DS gehörte seit jeher zu den stärkeren Herstellern in der Formel, seit einigen Jahren in neuer Partnerschaft als DS Penske. Durch die Partnerschaft mit der Citroen-Tochtermarke ist es für Penske nach schwierigen Jahren wieder aufwärts gegangen, auch wenn sie im Vorjahr noch hinter den Porsche- und Jaguar-Teams zurückstehen mussten. Ähnlich sah es beim Wintertest in Valencia aus. Die beiden vormaligen FE-Champions Stoffel Vandoorne und Jean-Eric Vergne (weiterhin der einzige Pilot mit zwei Meistertiteln)werden aber motiviert sein, das dieses Jahr zu ändern, und dem Duo ist es auch durchaus zuzutrauen.
Mexico City ePrix
Der Mexico City ePrix wird bereits zum achten Mal ausgetragen und gehört damit schon zu den Klassikern im Formel E-Kalender. Gefahren wurde stets auf dem Autodromo Hermanos Rodriguez, allerdings kam nie der lange F1-Kurs zum Einsatz, sondern es wurden verschiedene Variante mit dem kurzen Ovalkurs und dem Abstecher ins Baseball-Stadion gefahren. Seit 2020 biegt das Feld am Ende der ersten Oval-Kehre links ab, fährt ein Stück gegen die F1-Fahrtrichtung, um zu wenden und dann eine längere Anfahrt auf die hakelige Schikane auf der Gegengeraden zu haben. Die ist ein Überholpunkt, aber es geht dann hier auch gern mal der eine oder andere Frontflügel verloren. Nach der Stadionschleife wird die volle „Peraltada“ aka Oval-Kurven 3/4 ohne Schikane gefahren, sodass die Piloten mit Speed auf Start/Ziel ankommen und die dortigen Schikane ebenfalls eine Überholmöglichkeit darstellt.
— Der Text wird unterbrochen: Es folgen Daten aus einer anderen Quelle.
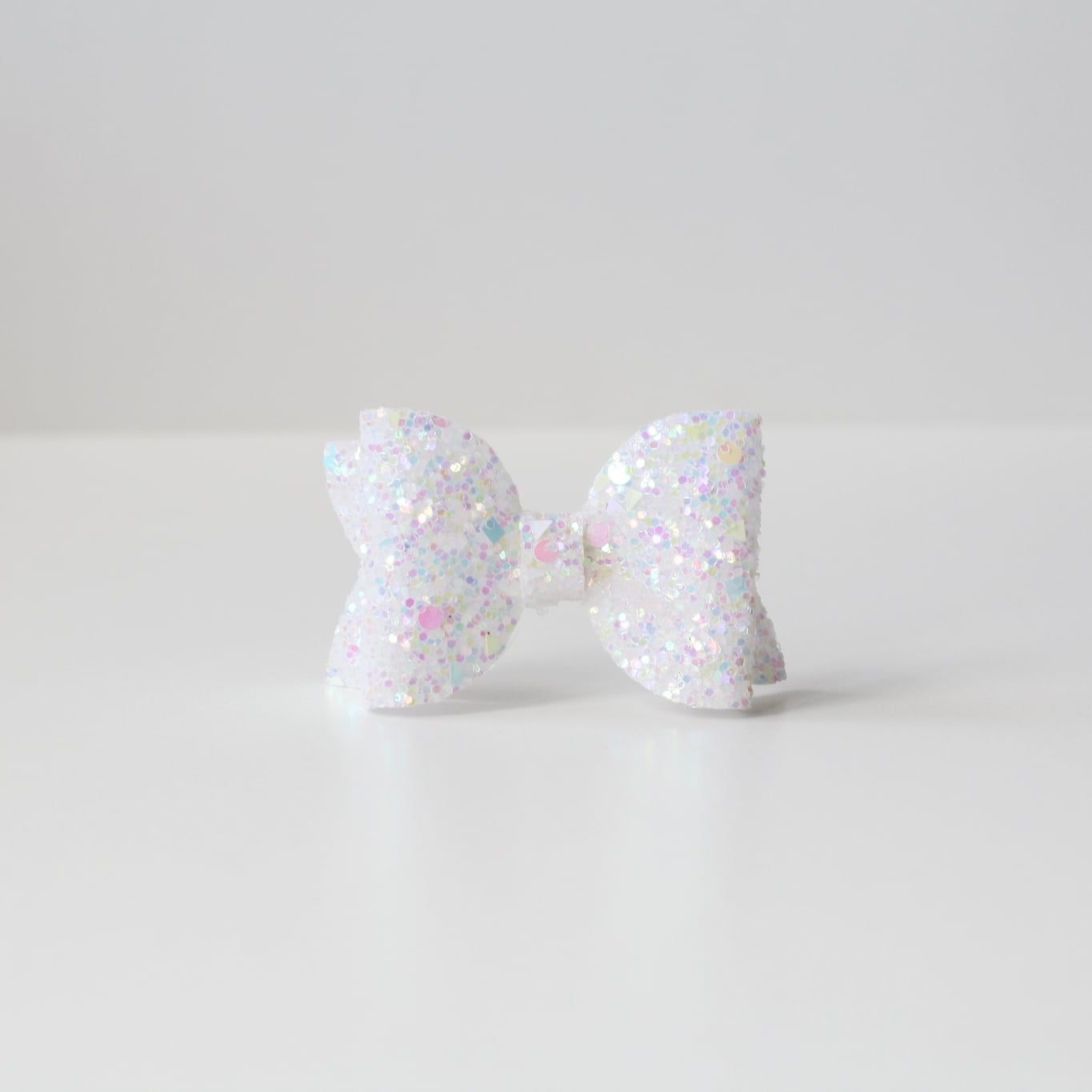 Medium deluxe glitter bows | 20 Colours | Clip or headband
Lucas di Grassi ist der einzige Pilot mit zwei Siegen in Mexico City, aber die liegen schon etwas zurück. Die beiden letzten Läufe haben Porsche-angetriebene Piloten gewonnen: Pascal Wehrlein bei einem starken Doppelsieg des Werksteams 2022 und 2023 legte Andretti-Pilot Jake Dennis hier den Grundstein für seinen Titelgewinn. Aber auch Mitch Evans im Jaguar hat hier schon einmal gewonnen. Porsche vs. Jaguar – mit je zwei Teams – war das Duell des Vorjahres. Wird es auch das Duell 2024 werden?
Einen ersten Eindruck bekommen wir am Samstagabend um 21 Uhr mitteleuropäischer Zeit. Dann startet der erste ePrix der Jubiläumssaison. Eurosport 2 und DF1 übertragen das Rennen live – jeweils ab 20:30 Uhr. DF1 zeigt zudem das Knockout-Qualifying live ab 16:30 Uhr. Bei Eurosport 2 wird es davon wahrscheinlich vor dem Start Highlights zu sehen geben.
3 Kommentare
Die Formel E wird auch auf dem „neuen“ Free TV-Sender DF1 live übertragen.
Der Autor sollte recherchieren was es mit dem Antrieb von DS und Maserati auf sich hat, und wie die Eigentumsverhältnisse dieser Marken sind. (Hint: Stellantis)
Danke für die Hinweise, ich habe den Text entsprechend aktualisiert!